Bij Kabinetsmissive van 2 februari 2017, no. 2017000179, heeft Uwe Majesteit, op voordracht van de Minister van Veiligheid en Justitie, bij de Afdeling advisering van de Raad van State ter overweging aanhangig gemaakt het voorstel van wet tot wijziging van de Opiumwet (verruiming sluitingsbevoegdheid), met memorie van toelichting.

Blijkens de mededeling van de Directeur van Uw kabinet van 2 februari 2017, nr. 2017000179, machtigde Uwe Majesteit de Afdeling advisering van de Raad van State haar advies inzake het bovenvermelde voorstel van wet rechtstreeks aan mij te doen toekomen. Dit advies, gedateerd 17 maart 2017, nr. W03.17.0018/II, bied ik U hierbij aan.

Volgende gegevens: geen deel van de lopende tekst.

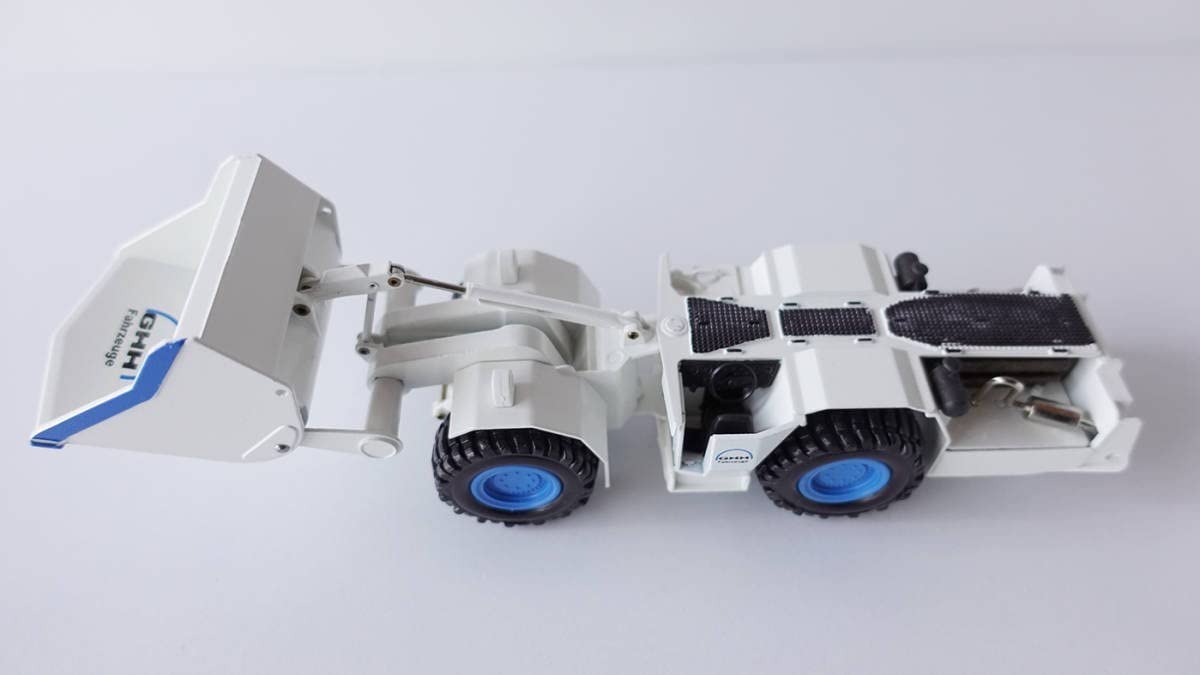 Amazon.co.jp: 1 50 MAN GHH Tunnellader Conrad 2430 0 限定 ホワイト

Het wetsvoorstel breidt de bevoegdheid van de burgemeester uit om een pand of woning op grond van de Opiumwet te sluiten2 (hierna: sluitingsbevoegdheid) naar gevallen waarin in een pand of woning voorwerpen of stoffen worden aangetroffen die duidelijk bestemd zijn voor het telen of bereiden van drugs, zoals bepaalde apparatuur, chemicaliën en versnijdingsmiddelen. De bestaande sluitingsbevoegdheid ziet op situaties waarin drugs in een pand of woning worden aangetroffen, verkocht, afgeleverd of verstrekt.

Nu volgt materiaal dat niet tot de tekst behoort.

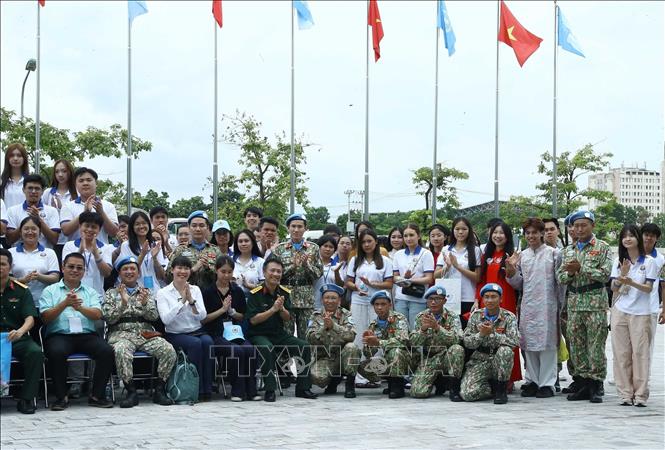 Thanh niên, sinh viên kiều bào với cán bộ, sĩ quan, chiến sĩ Cục Gìn giữ hòa bình Việt Nam tại buổi giao lưu. Ảnh: Trọng Đức - TTXVN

De Afdeling advisering van de Raad van State adviseert het voorstel aan de Tweede Kamer te zenden maar adviseert in de toelichting de passage over de uit het wetsvoorstel voortvloeiende bewijslast van de burgemeester met het oog op sluiting aan te passen.

De voorgestelde sluitingsbevoegdheid ziet op de ingevolge de Opiumwet strafbaar gestelde voorbereidingshandelingen.3 Deze strafbepalingen bevatten volgens de toelichting een subjectief bestanddeel: degene die het voorwerp of de stof in een pand of woning voorhanden heeft, moet weten of ernstige reden hebben om te vermoeden dat het voorwerp of de stof bestemd is voor onder meer het bereiden, bewerken of vervaardigen van harddrugs, respectievelijk voor grootschalige of bedrijfsmatige illegale hennepteelt. Dit betekent volgens de toelichting dat de burgemeester, indien hij tot sluiting wil overgaan, voldoende aannemelijk moet kunnen maken dat ook aan het subjectieve bestanddeel van die strafbare feiten is voldaan.4 Tegelijkertijd verwijst de toelichting naar de bestaande rechtspraak van de bestuursrechter die inhoudt dat voor de toepassing van de reeds bestaande sluitingsbevoegdheid verwijtbaarheid van de verhuurder van het pand niet is vereist.5 Het is niet aannemelijk, aldus de toelichting, dat die rechtspraak niet ook zal gelden voor de voorgestelde verruiming van artikel 13b van de Opiumwet; het blijft immers een reparatoire sanctie.6

De Afdeling merkt op dat een verplichting van de burgemeester om met het oog op sluiting het subjectieve bestanddeel van de betreffende feiten aannemelijk te maken, zich niet verdraagt met de beoogde aansluiting bij de bestaande rechtspraak van de bestuursrechter. Indien zoals in de toelichting wordt uitgegaan van deze rechtspraak, zal die verplichting in de praktijk vermoedelijk weinig betekenis hebben. Dit geldt te meer nu blijkens de toelichting de daarvoor noodzakelijke bestuurlijke beoordeling met name lijkt te kunnen worden gebaseerd op de feitelijke omstandigheden zoals door de politie ter plaatse vastgesteld. In dat geval zal de burgemeester al snel ervan mogen uitgaan dat aan het subjectieve bestanddeel zoals voornoemd, zal zijn voldaan.7

De Afdeling adviseert de toelichting in het licht van het voorgaande aan te passen.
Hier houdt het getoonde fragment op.